■ Problem details: Copy each line of the records exactly, stopping only after the line that contains "Cotton Box Single" has been written, and leave pictures out.

(Data records)
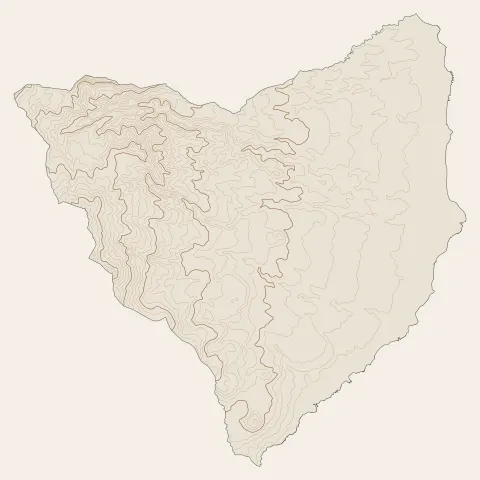 Capesterre-Belle-Eau : courbes de niveau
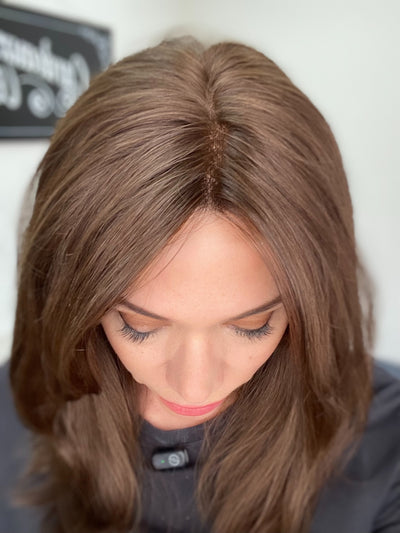 STOCK # SP2G GARDEAUX DELUXE HAND TIED, SILICONE LINED GRIPPER WIG (SMALL CAP)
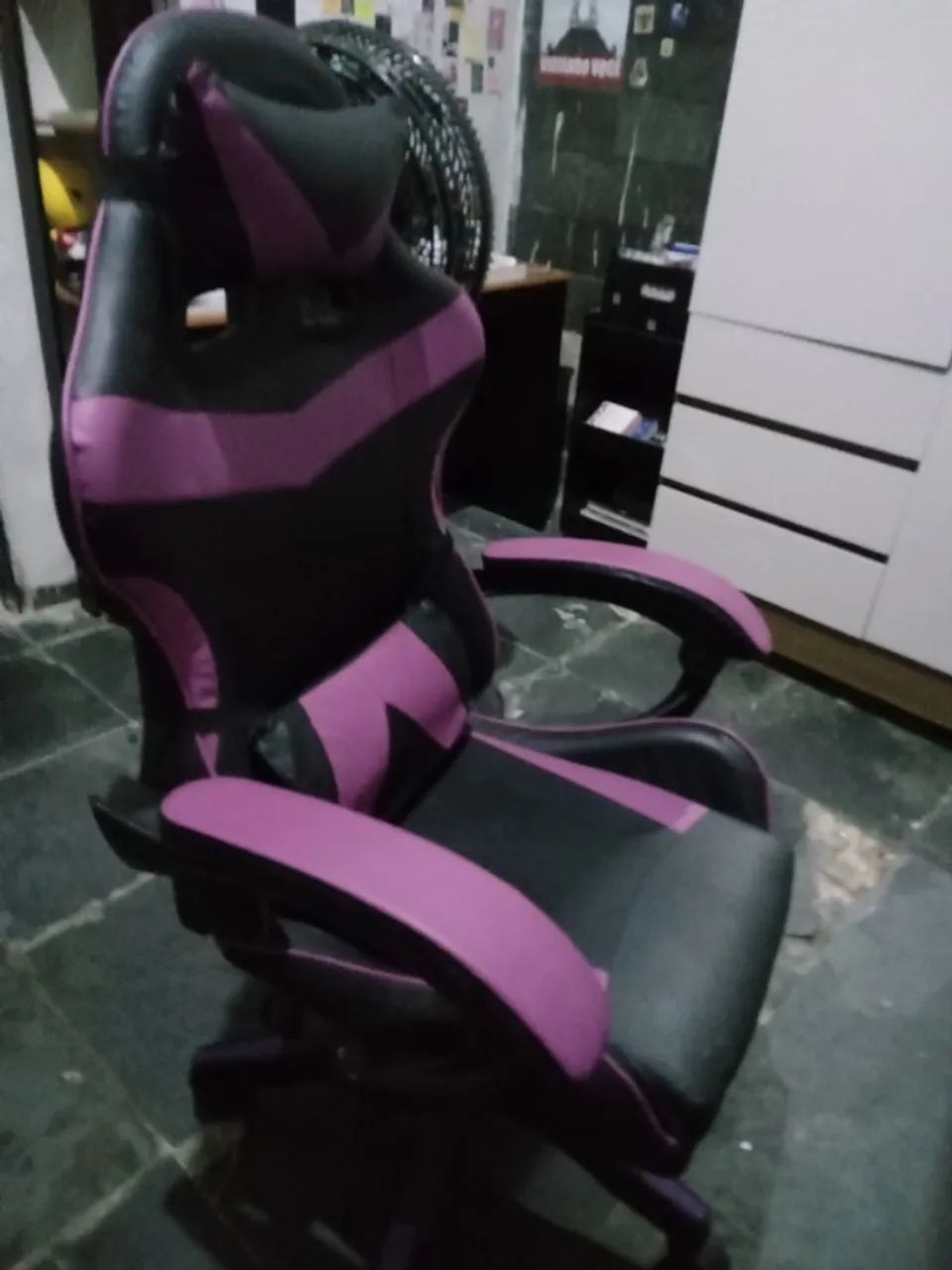 Cadeira Gamer Roxa - Foto 5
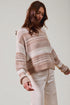 Taupe & Cream Striped Knit Sweater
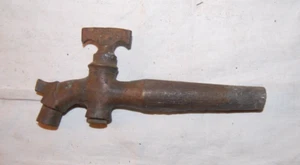 Antique Brass Keyed Keg Spigot - Picture 1 of 3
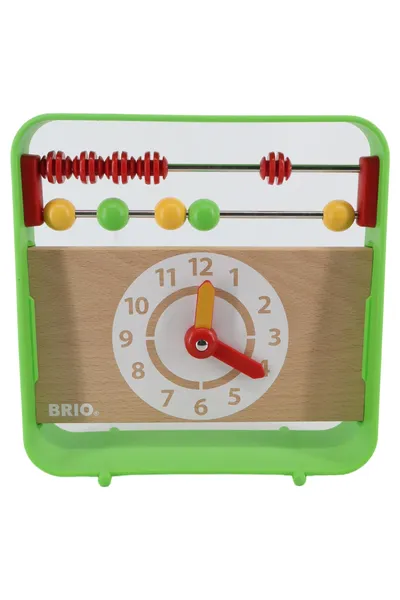 BRIO Motorikschleife Grün Holz Lernspielzeug Uhr Rechenschieber Kinder Spielzeug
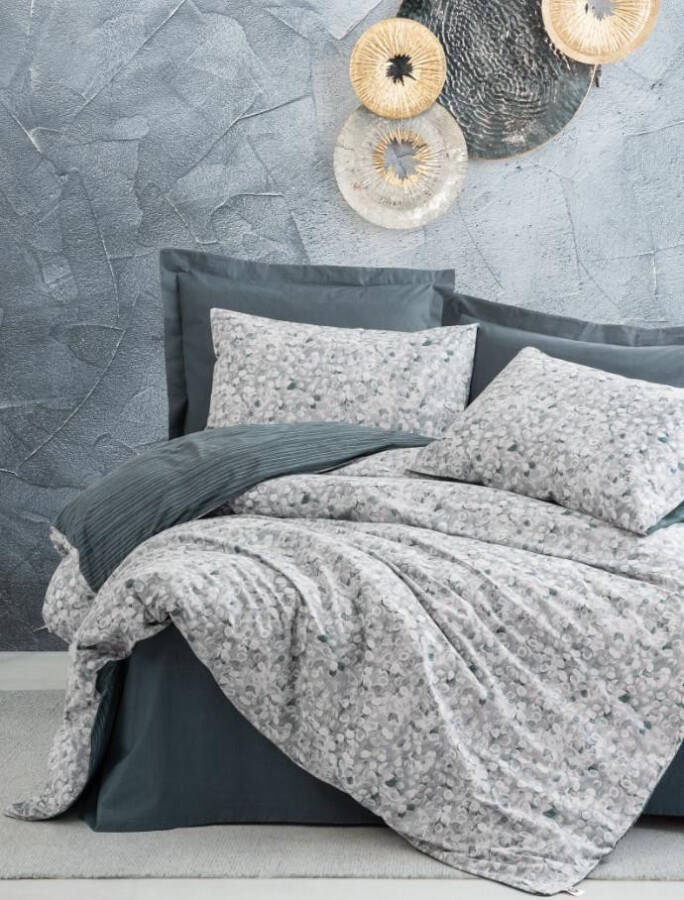 Cotton Box Single Minimal Duvet Set Molly Anthracite - 1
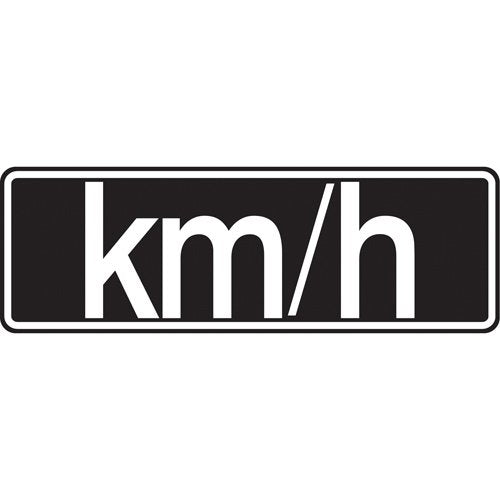 SAX483-"Km/h" Speed Limit Sign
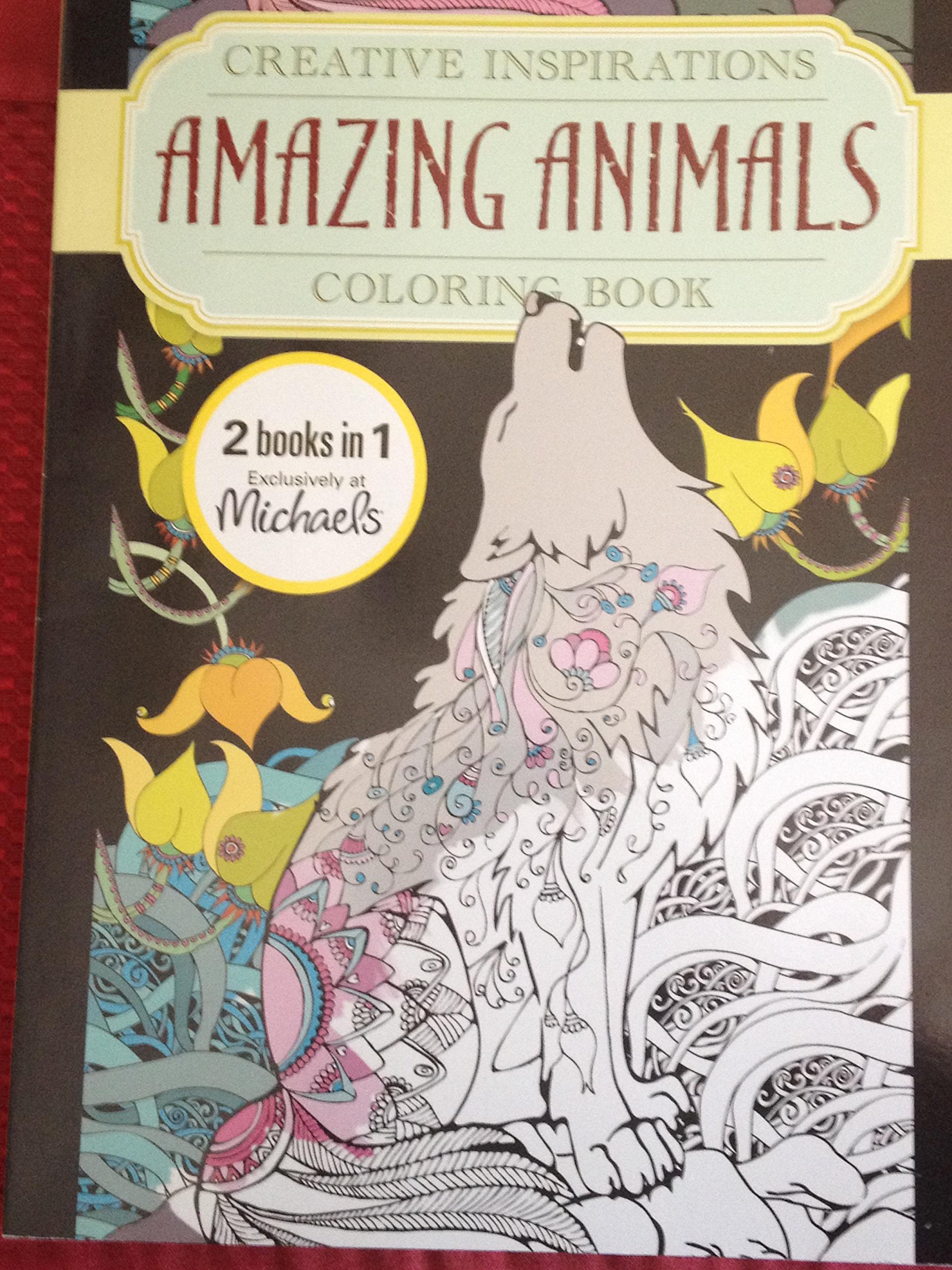 Download Creative Inspirations Amazing Animals Coloring Book 2 Books In 1 9780486808451 Amazon Com Books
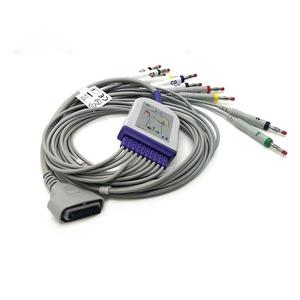 Compatible Edan SE-1515 DX12 Holter ECG Cable <b>10</b> Lead <b>12</b>-channel TPU Leadwires 75CM RoHS Certified - Product Image 5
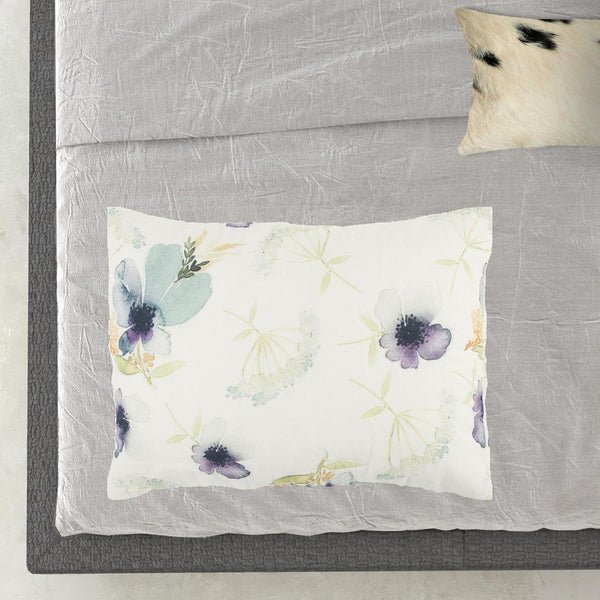 Homeroots White-multi Queen 100% Cotton 300 Thread Count Machine Washable Down Alternative Comforter  100% Cotton 479889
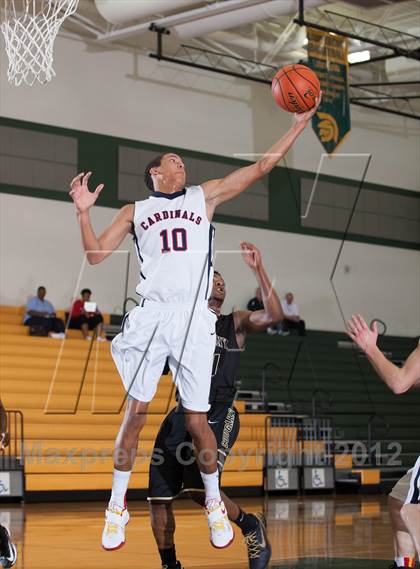Thumbnail 2 in John Paul II vs The Colony (Carrollton-Farmers Branch Basketball Classic) photogallery.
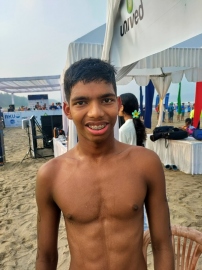 Goa’s Aahil fastest swimmer in 1km race at AquaMoga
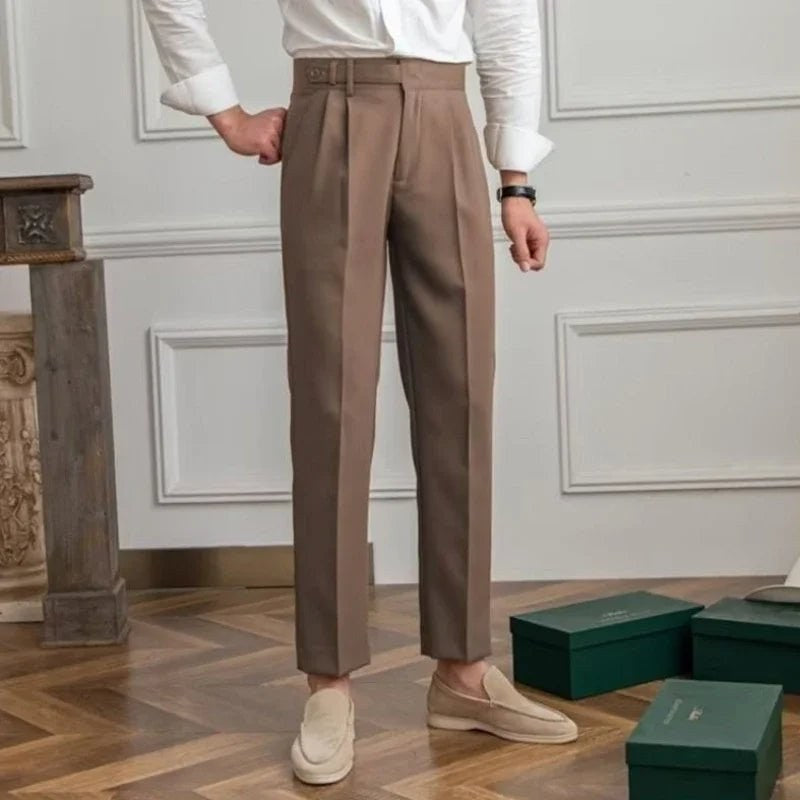 Draped suit pants korean-inspired elegance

■ Completed exercise:
 Capesterre-Belle-Eau : courbes de niveau
 STOCK # SP2G GARDEAUX DELUXE HAND TIED, SILICONE LINED GRIPPER WIG (SMALL CAP)
 Cadeira Gamer Roxa - Foto 5
 Taupe & Cream Striped Knit Sweater
 Antique Brass Keyed Keg Spigot - Picture 1 of 3
 BRIO Motorikschleife Grün Holz Lernspielzeug Uhr Rechenschieber Kinder Spielzeug
 Cotton Box Single Minimal Duvet Set Molly Anthracite - 1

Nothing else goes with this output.